1. Similarly, one finds that the major genres represented in the Bible are familiar to all students of English and other world literatures. Prose and poetry, narrative, history, drama, parable, symbolism, allegory (used comparatively rarely in the Bible), aphorism, epic, debate (in the literary sense of débat [dee'-bah]--Job may be said to have initiated the form in world literature), and exposition--all of these, plus a few others, are found in distinguished form in the Bible. It is, indeed, essential to a proper interpretation of a particular portion of Scripture to be aware of the form used at that point. (Linton, Expositor’s Bible Commentary, Vol 1, elect. ed.)
B. The following are some of the basic types of genres in the Bible:
a) A narrative is a style in which a story is prominent and its structure is conveyed by setting, characters, plot, and theme.
b) Much of the Bible is written with a narrative or story genre though it certainly does not mean it is fictional (imagination or untrue).
c) In fact, much of the Bible, the Gospels, and even the Historical sections are included in a narrative genre because of human experience and biography.
d) Some of the main books that contain narrative would be Genesis through Nehemiah, Gospels, and Acts.
e) Jn 9:1-41 is an example of narrative that includes setting, characters, and plot, to highlight emphatically a spiritual theme.
a) Poetry is a style that is intended to be lyric (songlike) and therefore is rich with encomium (praise) as well as divine wisdom.
b) Much of the “Psalms” (sacred songs or hymns) are joyously lyrical and heavily metaphorical and filled with literary devices such as parallelisms and metaphors.
c) Some of the poetical books in the Bible are called “Wisdom Literature” because of the proverbial style of communicating truisms.
d) Practically all of the books of the Bible contain some style of poetry but the main poetical books would include Job, Psalms, Proverbs, Ecclesiastes, and Song of Solomon.
e) Pr 8:1-9 is a poetical section that uses personification, parallelisms, and imagery.
a) Parable is a style similar to narrative only shorter and utilizes common everyday imagery to teach moral lessons. Parable is a transliteration from the Greek word parabolế and literally means to throw (bollō) alongside (para). A parable then means to throw a common image alongside a spiritual truth.
b) On one hand, the imagery of everyday life makes it easy for the common man to grasp the illustrations.
c) On the other hand, sometimes the moral meanings can only be interpreted by those with who are spiritually regenerated and have spiritual insight (Mt 13:10-15).
d) Parabolic language is found in most books but especially the Gospels of Jesus, historical writing, and certain prophetic sections in the Bible.

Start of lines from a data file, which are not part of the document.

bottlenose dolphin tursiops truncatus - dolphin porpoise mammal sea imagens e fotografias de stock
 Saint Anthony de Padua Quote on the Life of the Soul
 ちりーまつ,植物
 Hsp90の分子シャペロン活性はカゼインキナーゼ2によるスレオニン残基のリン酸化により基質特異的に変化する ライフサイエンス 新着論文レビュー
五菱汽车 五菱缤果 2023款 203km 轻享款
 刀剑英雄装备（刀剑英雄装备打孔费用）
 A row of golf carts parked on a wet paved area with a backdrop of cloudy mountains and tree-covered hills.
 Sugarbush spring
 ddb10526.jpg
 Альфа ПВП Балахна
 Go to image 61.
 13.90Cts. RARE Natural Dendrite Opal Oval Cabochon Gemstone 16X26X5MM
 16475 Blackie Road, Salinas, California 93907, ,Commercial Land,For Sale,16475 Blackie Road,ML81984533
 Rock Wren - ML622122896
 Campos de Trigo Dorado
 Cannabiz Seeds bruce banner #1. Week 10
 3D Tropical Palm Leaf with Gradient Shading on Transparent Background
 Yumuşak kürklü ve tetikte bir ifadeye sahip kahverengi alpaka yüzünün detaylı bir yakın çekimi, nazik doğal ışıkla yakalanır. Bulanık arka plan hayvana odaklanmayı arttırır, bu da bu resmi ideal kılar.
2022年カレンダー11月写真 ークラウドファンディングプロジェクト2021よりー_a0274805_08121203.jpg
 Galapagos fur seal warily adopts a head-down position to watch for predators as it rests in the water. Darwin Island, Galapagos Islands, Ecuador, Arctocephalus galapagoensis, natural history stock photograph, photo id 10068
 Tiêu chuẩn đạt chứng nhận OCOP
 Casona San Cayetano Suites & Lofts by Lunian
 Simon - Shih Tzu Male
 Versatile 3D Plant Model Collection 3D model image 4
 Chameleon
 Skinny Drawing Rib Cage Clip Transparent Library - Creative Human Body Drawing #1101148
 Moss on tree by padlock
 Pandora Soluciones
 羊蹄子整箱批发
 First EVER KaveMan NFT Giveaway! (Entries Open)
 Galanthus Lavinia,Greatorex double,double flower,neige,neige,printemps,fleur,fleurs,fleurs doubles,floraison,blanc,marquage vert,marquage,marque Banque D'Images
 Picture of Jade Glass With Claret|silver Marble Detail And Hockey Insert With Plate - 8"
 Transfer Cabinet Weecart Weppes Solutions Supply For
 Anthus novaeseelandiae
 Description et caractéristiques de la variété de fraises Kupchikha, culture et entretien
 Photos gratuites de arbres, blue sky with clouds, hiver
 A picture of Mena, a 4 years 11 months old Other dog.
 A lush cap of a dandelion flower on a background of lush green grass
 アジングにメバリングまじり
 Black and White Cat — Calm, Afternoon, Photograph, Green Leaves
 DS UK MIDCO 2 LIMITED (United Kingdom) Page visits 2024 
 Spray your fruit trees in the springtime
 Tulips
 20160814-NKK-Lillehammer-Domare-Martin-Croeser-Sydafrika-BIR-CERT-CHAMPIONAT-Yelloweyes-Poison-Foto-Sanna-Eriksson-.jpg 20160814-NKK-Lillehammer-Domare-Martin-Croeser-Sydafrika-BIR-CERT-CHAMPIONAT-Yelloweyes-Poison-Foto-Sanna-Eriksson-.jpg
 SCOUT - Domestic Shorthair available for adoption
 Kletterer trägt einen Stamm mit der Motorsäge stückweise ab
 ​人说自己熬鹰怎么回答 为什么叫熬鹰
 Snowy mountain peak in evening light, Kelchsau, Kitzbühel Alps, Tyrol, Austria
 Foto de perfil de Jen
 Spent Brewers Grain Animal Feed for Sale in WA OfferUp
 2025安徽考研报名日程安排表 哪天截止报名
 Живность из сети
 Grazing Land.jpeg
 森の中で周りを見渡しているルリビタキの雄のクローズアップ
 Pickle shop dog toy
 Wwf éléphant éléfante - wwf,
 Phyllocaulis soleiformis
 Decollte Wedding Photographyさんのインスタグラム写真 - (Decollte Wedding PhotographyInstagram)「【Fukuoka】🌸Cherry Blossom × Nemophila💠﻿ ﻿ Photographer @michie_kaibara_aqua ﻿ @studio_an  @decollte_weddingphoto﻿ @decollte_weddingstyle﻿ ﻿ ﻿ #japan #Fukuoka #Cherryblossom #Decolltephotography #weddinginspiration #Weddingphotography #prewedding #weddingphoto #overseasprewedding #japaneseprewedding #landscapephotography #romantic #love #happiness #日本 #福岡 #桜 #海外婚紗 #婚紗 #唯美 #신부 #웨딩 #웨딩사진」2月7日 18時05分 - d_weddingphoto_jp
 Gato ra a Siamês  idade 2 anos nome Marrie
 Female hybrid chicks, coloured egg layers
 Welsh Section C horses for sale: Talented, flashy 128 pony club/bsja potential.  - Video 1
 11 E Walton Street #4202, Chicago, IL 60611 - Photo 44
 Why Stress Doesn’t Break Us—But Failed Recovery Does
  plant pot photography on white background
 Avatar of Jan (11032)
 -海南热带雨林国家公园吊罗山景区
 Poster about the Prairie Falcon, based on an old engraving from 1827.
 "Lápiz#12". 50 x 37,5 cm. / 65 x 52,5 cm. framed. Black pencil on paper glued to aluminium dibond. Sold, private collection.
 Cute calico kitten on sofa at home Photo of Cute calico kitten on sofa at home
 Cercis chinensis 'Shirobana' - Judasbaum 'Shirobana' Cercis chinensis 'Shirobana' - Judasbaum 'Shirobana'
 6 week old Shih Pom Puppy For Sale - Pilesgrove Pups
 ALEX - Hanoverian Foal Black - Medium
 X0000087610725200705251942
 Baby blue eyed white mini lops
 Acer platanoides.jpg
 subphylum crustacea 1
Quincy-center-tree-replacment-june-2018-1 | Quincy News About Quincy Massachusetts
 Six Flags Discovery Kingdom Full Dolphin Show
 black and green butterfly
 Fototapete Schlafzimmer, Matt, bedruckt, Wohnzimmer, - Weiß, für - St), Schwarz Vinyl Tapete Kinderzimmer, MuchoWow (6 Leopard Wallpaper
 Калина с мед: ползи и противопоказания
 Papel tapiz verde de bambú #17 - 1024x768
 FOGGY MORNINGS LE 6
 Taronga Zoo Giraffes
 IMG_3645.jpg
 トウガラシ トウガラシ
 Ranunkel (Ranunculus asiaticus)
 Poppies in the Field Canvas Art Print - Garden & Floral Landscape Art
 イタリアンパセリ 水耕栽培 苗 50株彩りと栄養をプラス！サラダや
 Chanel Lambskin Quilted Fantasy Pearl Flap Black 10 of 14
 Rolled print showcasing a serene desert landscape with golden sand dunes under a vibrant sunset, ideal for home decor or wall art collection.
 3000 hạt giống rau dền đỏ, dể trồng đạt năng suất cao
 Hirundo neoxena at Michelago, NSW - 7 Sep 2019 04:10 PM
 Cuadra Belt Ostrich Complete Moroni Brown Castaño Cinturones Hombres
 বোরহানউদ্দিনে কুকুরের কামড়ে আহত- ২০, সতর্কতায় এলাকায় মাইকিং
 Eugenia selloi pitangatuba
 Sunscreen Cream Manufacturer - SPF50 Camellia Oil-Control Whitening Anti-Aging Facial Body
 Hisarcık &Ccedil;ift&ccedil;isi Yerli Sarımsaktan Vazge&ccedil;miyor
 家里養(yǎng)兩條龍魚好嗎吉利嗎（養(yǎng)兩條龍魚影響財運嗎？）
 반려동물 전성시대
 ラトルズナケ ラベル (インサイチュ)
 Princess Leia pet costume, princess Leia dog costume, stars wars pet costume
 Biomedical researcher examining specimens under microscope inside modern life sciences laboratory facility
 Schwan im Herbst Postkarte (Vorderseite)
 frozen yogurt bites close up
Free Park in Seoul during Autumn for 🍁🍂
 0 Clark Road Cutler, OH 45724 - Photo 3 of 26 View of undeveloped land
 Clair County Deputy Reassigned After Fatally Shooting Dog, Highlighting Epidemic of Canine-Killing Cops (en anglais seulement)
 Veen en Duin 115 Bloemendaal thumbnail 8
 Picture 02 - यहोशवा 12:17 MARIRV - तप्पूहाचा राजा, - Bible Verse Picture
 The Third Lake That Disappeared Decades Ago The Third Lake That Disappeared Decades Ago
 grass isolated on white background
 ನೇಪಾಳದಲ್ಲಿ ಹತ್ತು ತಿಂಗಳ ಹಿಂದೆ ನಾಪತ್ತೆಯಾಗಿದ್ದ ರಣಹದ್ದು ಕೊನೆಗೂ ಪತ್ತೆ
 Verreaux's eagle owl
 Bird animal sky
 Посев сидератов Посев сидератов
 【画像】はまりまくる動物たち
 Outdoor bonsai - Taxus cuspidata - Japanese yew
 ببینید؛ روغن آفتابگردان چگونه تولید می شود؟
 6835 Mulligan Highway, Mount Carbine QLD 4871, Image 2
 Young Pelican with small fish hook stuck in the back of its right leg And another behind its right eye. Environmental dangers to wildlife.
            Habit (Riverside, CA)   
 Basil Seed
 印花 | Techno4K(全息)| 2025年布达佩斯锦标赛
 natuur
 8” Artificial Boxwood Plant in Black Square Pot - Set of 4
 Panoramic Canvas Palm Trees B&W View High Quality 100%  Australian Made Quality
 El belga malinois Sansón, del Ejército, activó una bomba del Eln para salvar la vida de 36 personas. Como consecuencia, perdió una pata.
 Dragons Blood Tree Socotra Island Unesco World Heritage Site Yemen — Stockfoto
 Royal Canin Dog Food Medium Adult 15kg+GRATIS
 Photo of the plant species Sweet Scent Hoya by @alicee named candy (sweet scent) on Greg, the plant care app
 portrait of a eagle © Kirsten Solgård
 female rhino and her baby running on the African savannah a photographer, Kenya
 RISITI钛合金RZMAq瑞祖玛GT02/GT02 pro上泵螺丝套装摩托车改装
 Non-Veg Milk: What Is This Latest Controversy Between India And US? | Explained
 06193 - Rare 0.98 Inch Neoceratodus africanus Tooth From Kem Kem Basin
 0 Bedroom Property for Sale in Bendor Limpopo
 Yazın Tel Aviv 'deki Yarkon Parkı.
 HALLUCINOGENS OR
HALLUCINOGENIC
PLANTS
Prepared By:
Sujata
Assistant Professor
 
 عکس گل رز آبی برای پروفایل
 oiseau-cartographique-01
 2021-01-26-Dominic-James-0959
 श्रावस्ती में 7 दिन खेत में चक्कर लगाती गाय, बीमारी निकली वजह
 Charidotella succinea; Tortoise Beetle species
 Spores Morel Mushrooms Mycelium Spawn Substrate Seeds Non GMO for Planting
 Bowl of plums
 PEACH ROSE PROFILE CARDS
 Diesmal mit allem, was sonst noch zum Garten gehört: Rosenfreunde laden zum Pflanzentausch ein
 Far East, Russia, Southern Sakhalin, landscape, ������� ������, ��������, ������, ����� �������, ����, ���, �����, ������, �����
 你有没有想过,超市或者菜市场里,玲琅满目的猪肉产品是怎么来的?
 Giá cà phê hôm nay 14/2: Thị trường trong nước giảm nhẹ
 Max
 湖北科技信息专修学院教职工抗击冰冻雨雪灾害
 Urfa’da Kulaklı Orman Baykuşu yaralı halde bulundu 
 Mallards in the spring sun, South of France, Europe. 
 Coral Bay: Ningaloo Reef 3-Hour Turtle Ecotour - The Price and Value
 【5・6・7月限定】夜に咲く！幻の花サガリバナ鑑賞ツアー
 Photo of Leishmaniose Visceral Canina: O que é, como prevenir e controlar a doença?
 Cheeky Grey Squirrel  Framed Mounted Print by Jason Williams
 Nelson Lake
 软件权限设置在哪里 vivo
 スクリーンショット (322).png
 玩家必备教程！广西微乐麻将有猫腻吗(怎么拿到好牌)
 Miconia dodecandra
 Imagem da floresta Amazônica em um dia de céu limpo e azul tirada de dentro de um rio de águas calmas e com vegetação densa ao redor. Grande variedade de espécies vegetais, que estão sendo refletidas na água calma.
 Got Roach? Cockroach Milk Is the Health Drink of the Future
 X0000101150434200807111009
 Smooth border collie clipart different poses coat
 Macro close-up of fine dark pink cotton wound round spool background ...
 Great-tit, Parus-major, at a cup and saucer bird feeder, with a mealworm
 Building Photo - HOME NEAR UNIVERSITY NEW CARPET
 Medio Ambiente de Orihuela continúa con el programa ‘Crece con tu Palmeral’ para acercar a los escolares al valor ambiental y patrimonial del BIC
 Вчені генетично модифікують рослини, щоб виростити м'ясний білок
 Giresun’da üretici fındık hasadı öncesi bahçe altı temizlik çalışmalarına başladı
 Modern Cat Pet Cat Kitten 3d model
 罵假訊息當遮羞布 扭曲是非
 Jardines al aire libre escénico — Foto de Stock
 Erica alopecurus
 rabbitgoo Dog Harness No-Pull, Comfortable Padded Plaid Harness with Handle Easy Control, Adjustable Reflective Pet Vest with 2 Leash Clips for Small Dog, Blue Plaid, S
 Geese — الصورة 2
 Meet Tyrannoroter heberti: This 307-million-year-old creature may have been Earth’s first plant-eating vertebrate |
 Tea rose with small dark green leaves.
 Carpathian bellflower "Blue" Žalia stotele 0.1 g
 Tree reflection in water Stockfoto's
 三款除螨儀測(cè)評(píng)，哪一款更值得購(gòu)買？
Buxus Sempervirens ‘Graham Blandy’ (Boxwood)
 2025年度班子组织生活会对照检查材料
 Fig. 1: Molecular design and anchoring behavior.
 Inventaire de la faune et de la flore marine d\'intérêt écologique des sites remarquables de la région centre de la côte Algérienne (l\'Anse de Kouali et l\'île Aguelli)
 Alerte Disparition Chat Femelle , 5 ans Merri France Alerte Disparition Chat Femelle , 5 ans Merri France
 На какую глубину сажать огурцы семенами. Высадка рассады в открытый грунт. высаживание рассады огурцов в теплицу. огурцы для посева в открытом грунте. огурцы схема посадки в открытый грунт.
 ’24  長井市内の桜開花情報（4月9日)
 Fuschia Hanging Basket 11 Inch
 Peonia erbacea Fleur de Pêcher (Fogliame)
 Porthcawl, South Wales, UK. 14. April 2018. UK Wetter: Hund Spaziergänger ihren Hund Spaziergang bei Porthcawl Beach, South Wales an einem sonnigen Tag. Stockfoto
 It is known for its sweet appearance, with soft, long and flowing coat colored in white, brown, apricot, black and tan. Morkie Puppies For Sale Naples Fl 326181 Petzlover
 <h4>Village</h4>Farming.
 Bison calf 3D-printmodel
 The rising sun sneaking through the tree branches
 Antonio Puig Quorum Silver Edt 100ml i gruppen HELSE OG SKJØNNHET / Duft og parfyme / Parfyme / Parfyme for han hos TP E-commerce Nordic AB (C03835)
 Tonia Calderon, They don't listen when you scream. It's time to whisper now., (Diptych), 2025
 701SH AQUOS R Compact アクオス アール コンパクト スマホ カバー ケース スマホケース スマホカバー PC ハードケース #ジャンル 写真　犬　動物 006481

e) 2Sa 12:1-13 illustrates the dynamic influence of everyday imagery to evoke emotions from a moral lesson.
a) Visionary is a style that is exceedingly symbolic with vivid imagery often concerning future events and sometimes of global proportion.
b) It would especially include prophetic writings of persons (Jesus Christ, Israel etc.) or events (Christ’s 1st and 2nd Advents, Millennium etc.).
c) It frequently projects apocalyptic warnings, promises, purposes, and can include cataclysmic events on a cosmic level.
d) Most visionary genre is contained in the prophets Isaiah, Jeremiah, Ezekiel, Daniel, Hosea, Joel, Amos, Obadiah, Micah, and Nahum. It would most certainly include the book of Revelation.
e) An example of prophetic and visionary symbolism is found in Re 19:11-21. Even though this section is symbolic visionary, it is prophesying a literal future event known as, “the Second Coming of Christ” (cp. Ze 14:1-4).
a) Epistolary is a style in which a letter is written by a specific person to specific readers. It is personal, informational, and didactic, though literary devices are commonly used.
b) This form can be highly instructional, doctrinal, and theological, while being personal and implicational.
c) Most of the NT was written in epistolary form such as Romans, 1 & 2 Corinthians, Galatians, Ephesians, Philippians, Colossians, Philemon, 1 & 2 Thessalonians, 1 & 2 Timothy, Titus, Philemon, James, 1 & 2 Peter, 1,2 & 3 John, and Jude.
d) Most epistolary forms begin with a greeting consistent with that day, a personal and didactic body, and ends with a benediction or salutation.